Perjalanan menuju Allah Swt, sebagaimana Imam Khomeini ra. lakukan, merupakan taklif setiap manusia. Amat sangat indah, filosof Ilahi Muhammad Shadruddin al-Syirazi atau yang lebih dikenal dengan Mulla Sadra dalam karya monumentalnya, al-Hikmah al-Muta’aliyah fi al Asfaar al Aqliyyah al Arba’ah, menjabarkan perjalananmenuju Allah Swt. dalam empat tahapan. Beliau dalam kata pengantarnya mengatakan, “Ketahuilah, sesungguhnya para pesuluk dari kalangan ‘urafa dan auliya’ mempunyai empat perjalanan: pertama, perjalanan dari makhluk menuju al-Haq. Kedua, perjalanan dengan al-Haq di dalam al-Haq. Ketiga, kebalikan dari yang pertama, perjalanan dari al-Haq menuju makhluk dengan al-Haq, dan keempat, kebalikan dari yang kedua, perjalanan dengan al-Haq di tengah makhluk”.

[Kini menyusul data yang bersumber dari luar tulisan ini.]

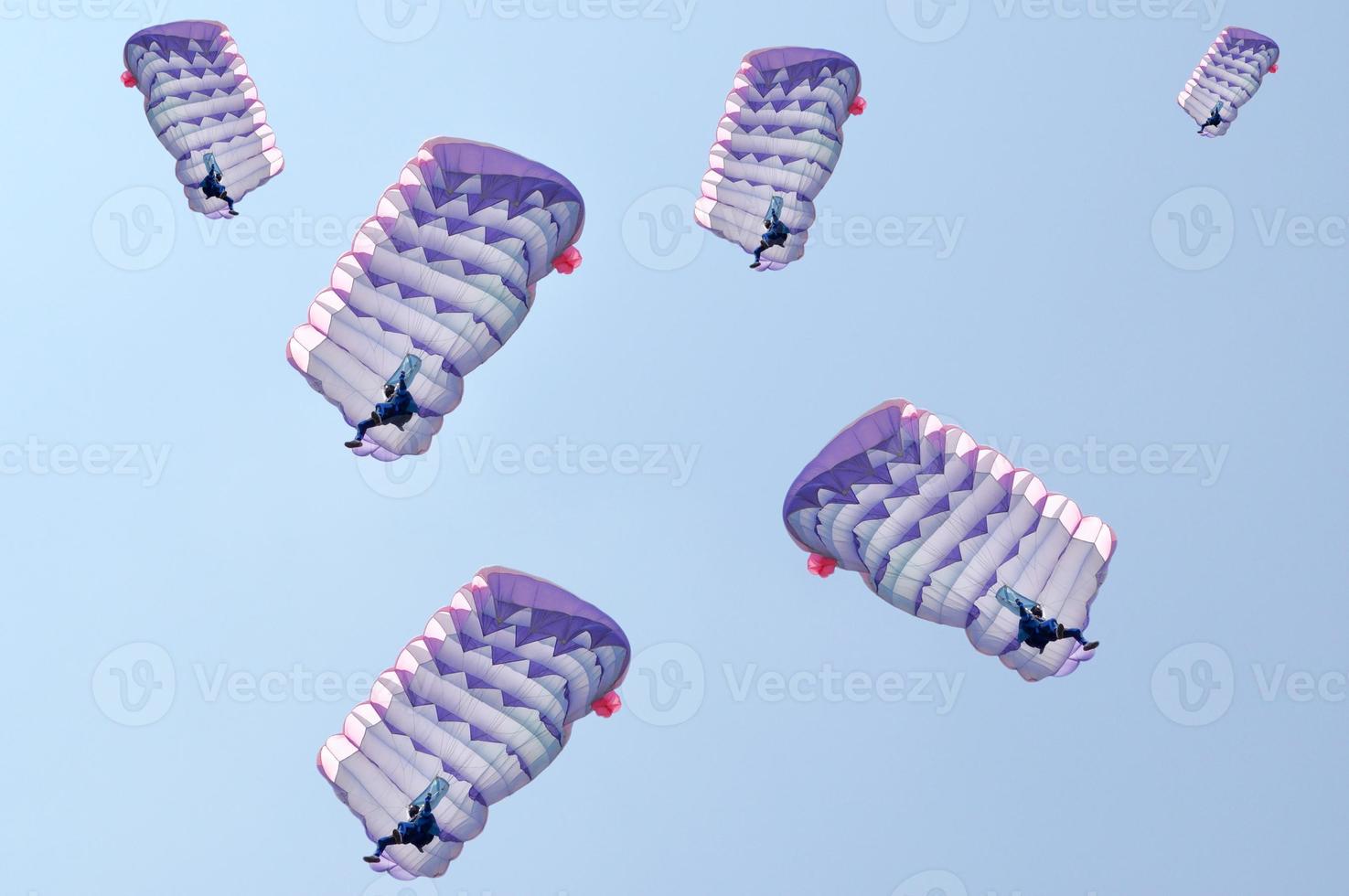 Many parachutes over a blue sky background photo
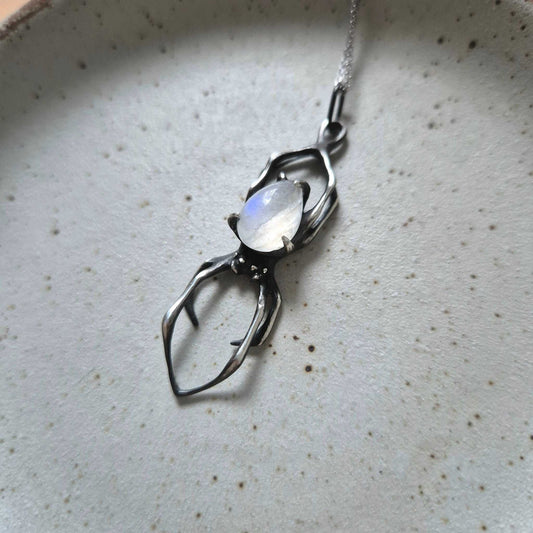 Silver spider necklace with pear-shaped rainbow moonstone on specled ceramic background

Yang dilakukan Imam Khomeini ra. hanya berjalan dan bergerak menuju Allah Swt.dan yang menjadi fokus perhatian beliau adalah perjalanan akal dan ruh, bukan materi, kekuasaan dan popularitas. Untuk mencari materi, kekuasaan dan popularitas tidak diperlukan menempuh perjalanan spiritual. Beliau tidak ingin materi, karena sampai akhir hayatnya pun beliau tidak meninggalkan kekayaan kecuali beberapa jilid buku, karpet yang kusam dan beberapa helai pakaian. Menjadi wali faqih pun bukan karena ambisi kekuasaan, melainkan karena panggilan tanggung jawab dan tugas di hadapan Allah Swt. Seperti halnya Nabi Yusuf as.:“Jadikanlah aku menguasai kekayaan-kekayaan bumi. Sesungguhnya aku orang yang pandai menjaga lagi berpengetahuan”.
(QS. Yusuf, 12: 55)
Menurut Ayatullah Jawadi Amuli, seperti yang dikutip oleh Sayyid Kamal al-Haydari dalam kuliah filsafat dan kalamnya di Qum, bahwa Imam Khomeini dalam perjalanan spiritualnya telah sampai di tahapan yang ketiga. Penilaian tersebut, tentu, berlaku bagi orang yang sekelas Imam Khomeini atau orang yang punya kompetensi di bidang ‘irfan.
Sekapur sirih ini tidak ingin lebih jauh menjelaskan tentang Imam Khomeini ra., karena beliau adalah cahaya. Cahaya (nur) itu jelas dengan dirinya sendiri tanpa bantuan yang lain. Untuk mengetahui cahaya hanya diperlukan membuka mata. Karya-karya tulisnya, muri,d-muridnya dan revolusi yang beliau pimpin adalah kredit point yang tidak bisa diabaikan begitu saja. Namun, beliau besar bukan karena orang-orang yang membesarkannya, dan beliaupun tidak merasa besar dengan itu. Beliau besar dengan Sang Maha Besar. Beliau besar karena pengabdiannya kepada Sumber Kebesaran.